Scalable System Design
Consistent Hashing
Consistent hashing is used to minimize the number of keys to rebalance when your application cluster is resized. It also allows the nodes to rebalance themselves with traffic evenly distributed.
- [Ringpop] (https://ringpop.readthedocs.org/en/latest/architecture_design.html#concepts) from Uber uses FarmHash as its hashing function because it’s fast and provides good distribution. Consistent hashing applies a hash function to not only the identity of your data, but also the nodes within your cluster that are operating on that data. Ringpop uses a red-black tree to implement its underlying data structure for its ring which provides log n, lookups, inserts, and removals.
2 dimensional sharding
With simple hash partitioning, expanding clusters in place involves a non-trivial amount of operational work b/c data needs to be shuffled around as the number of hash partitions increases. Instead, you can create a two-dimensional sharding scheme that data is first divided into multiple time tiers then within each time tier, data is divided into partitions based on a hash function. And within each hash partition, you can further divided into chunks.
In Twitter, they use this approach to handle their full index for all tweets. They use Mesos to generate inverted indices in parallel. A set of chunk "Segment" will be assigned to each machine (ie. Earlybird).
- To grow data capacity over time, they will add time tiers. Existing time tiers will remain unchanged. This allows them to expand the cluster in place.
- To grow serving capacity (QPS) over time, we can add more replicas.
A larger number of Earlybird machines per cluster translates to more operational overhead. They reduced cluster size by:
- Reduce Hash Partition Count: pack more segments onto each Earlybird.

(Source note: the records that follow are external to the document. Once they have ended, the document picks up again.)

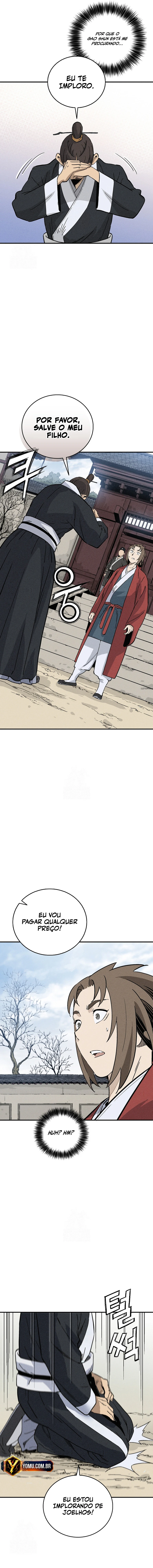 Página 6 do Capítulo 168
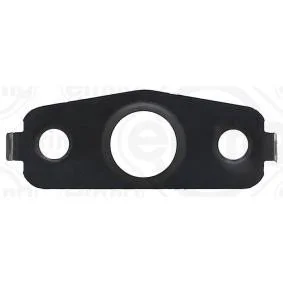 Egzoz Manifold Contası (ELRING)(245.830)(06A253039) Egzoz Manifold Contası (ELRING)(245.830)(06A253039)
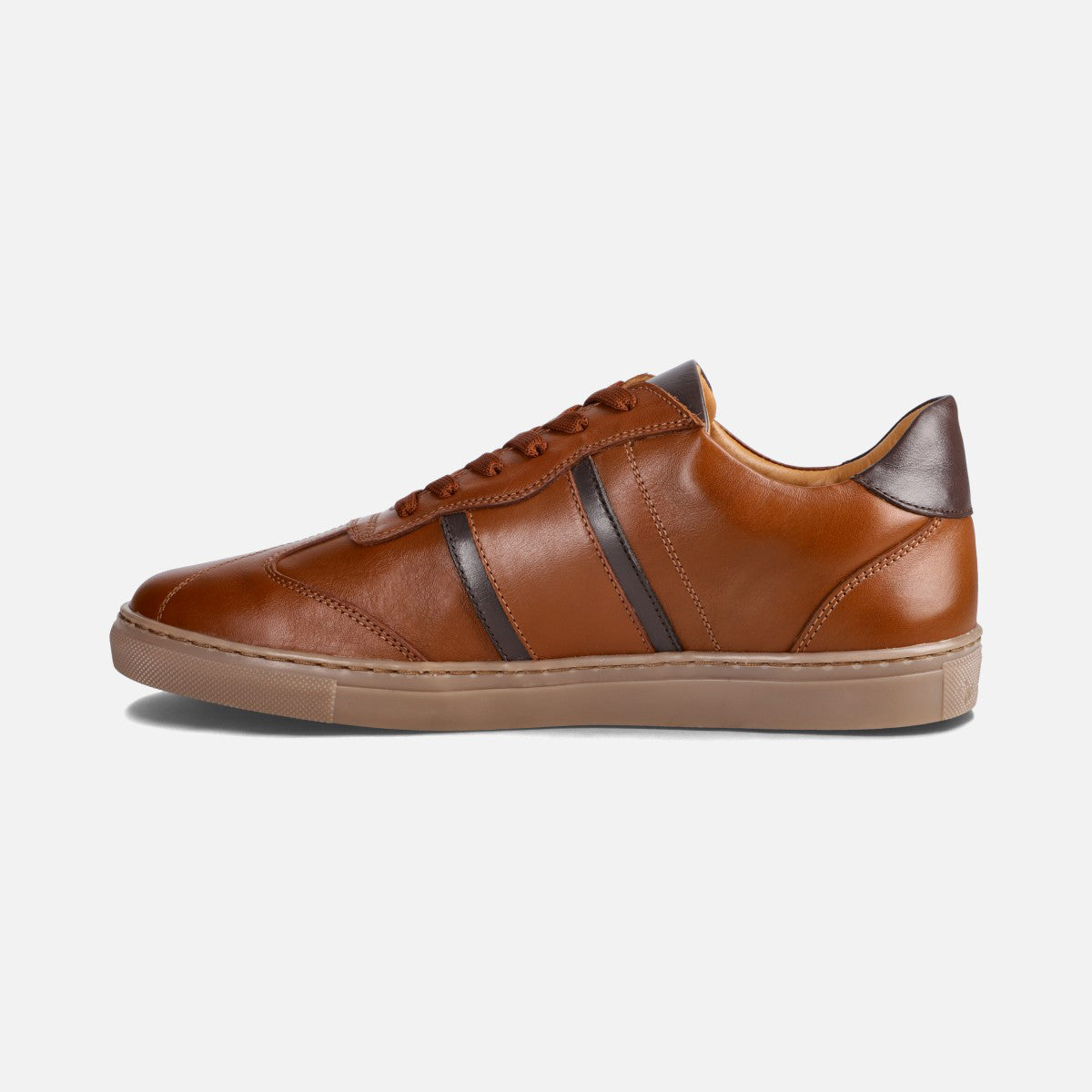 Calzado para Caballero Tenis Bamako06 | 193V13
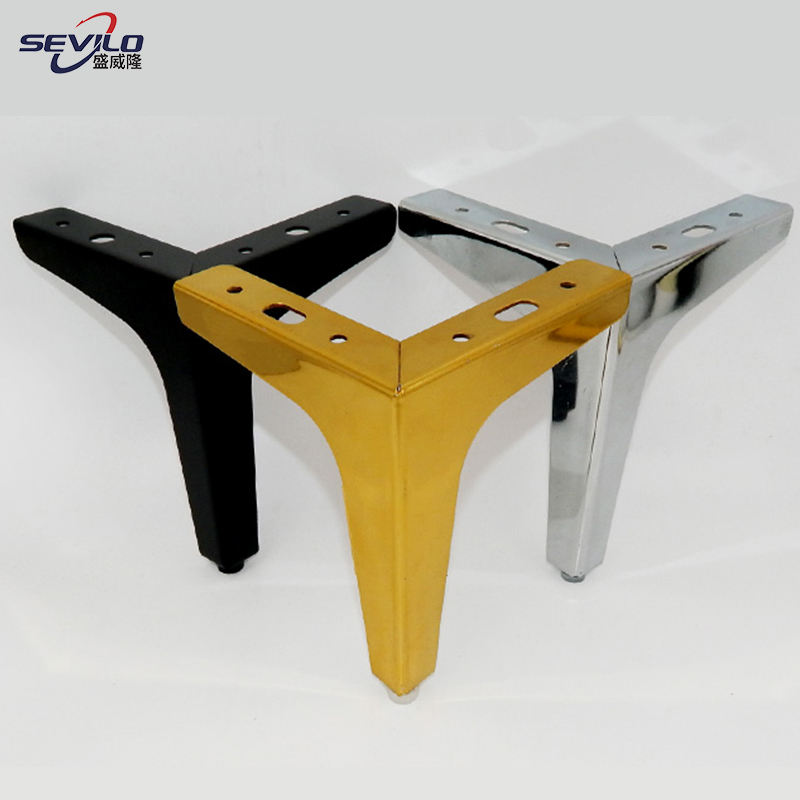 Des solutions de conception innovantes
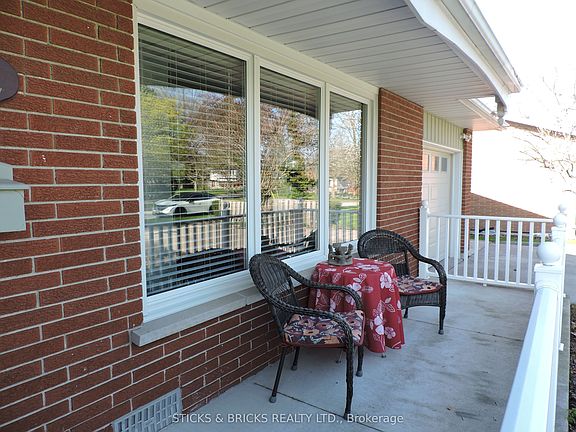 5th image of 6762 Cherrygrove Rd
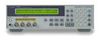 Capacitance Meter -- 4268A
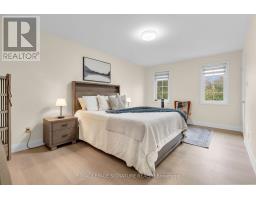 4302 Bridlepath Trail, Mississauga, ON L5L3K4 Photo 27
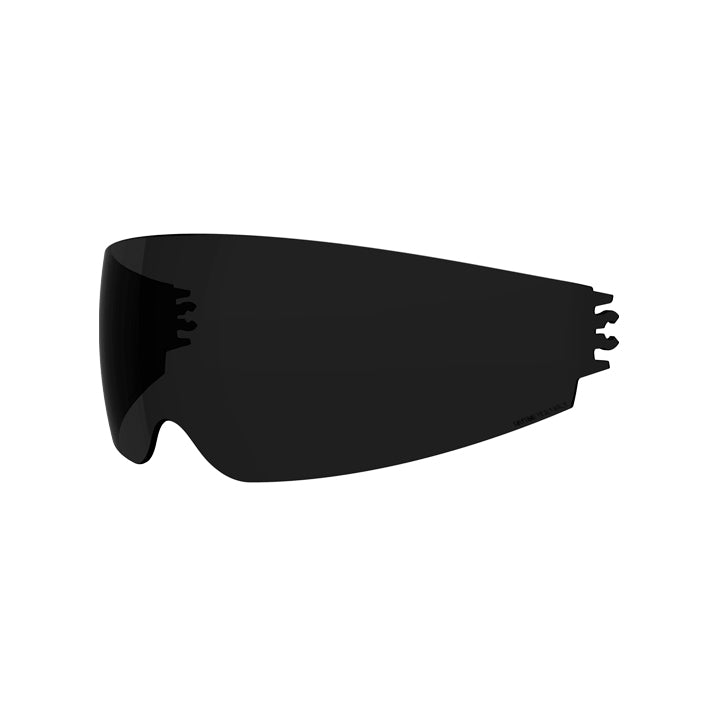 NEXX X.VIBILITY Sunglasses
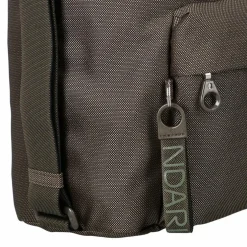 Mandarina Duck Schultertasche 32 cm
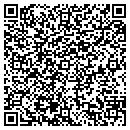 QR code with Star Building Ramire S Supply contacts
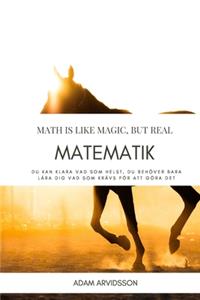 Matematik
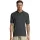 451079.webp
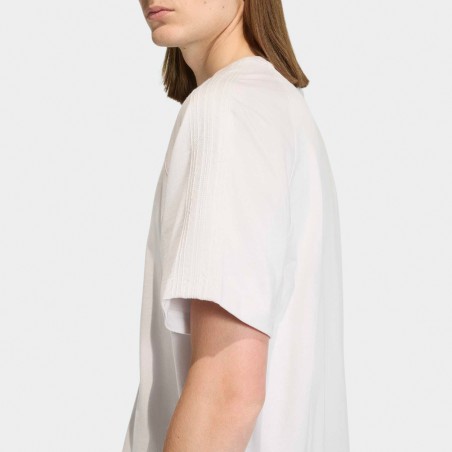 ADIDAS ORIGINALS - Premium-Essentials-T-Shirt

- Reduce Replica: increase QPS each Earlybird could serve
Tuning hardware
In order to pack more segments onto each Earlybird, they went for SSD than RAM as RAM was too expensive and limited by # of DIMM slots per machine. SSDs were significantly less expensive ($/terabyte) than RAM. SSDs also provided much higher read/write performance compared to regular spindle disks.
However, SSDs were still orders of magnitude slower than RAM. Switching from RAM to SSD, Earlybird QPS capacity took a major hit. To increase serving capacity, they made multiple optimizations:
- Tuning kernel parameters to optimize SSD performance
- Packing multiple DocValues fields together to reduce SSD random access,
- Loading frequently accessed fields directly in-process and more.
Search Client - 2 levels scatter and gather
- First level is to query partition and merge their results at each time tier. (optimize via not going to all time tier based on the query)
- Second level is to merge result per each time tier into final merge result.
Reference
Group Communication
- Uber developed TChannel that is a networking framing protocol used for general RPC. Ringpop uses TChannel as its proxying channel and transport of choice. It supports out-of-order responses at extremely high performance with benchmarks ranging from 20,000 to 40,000 operations per second.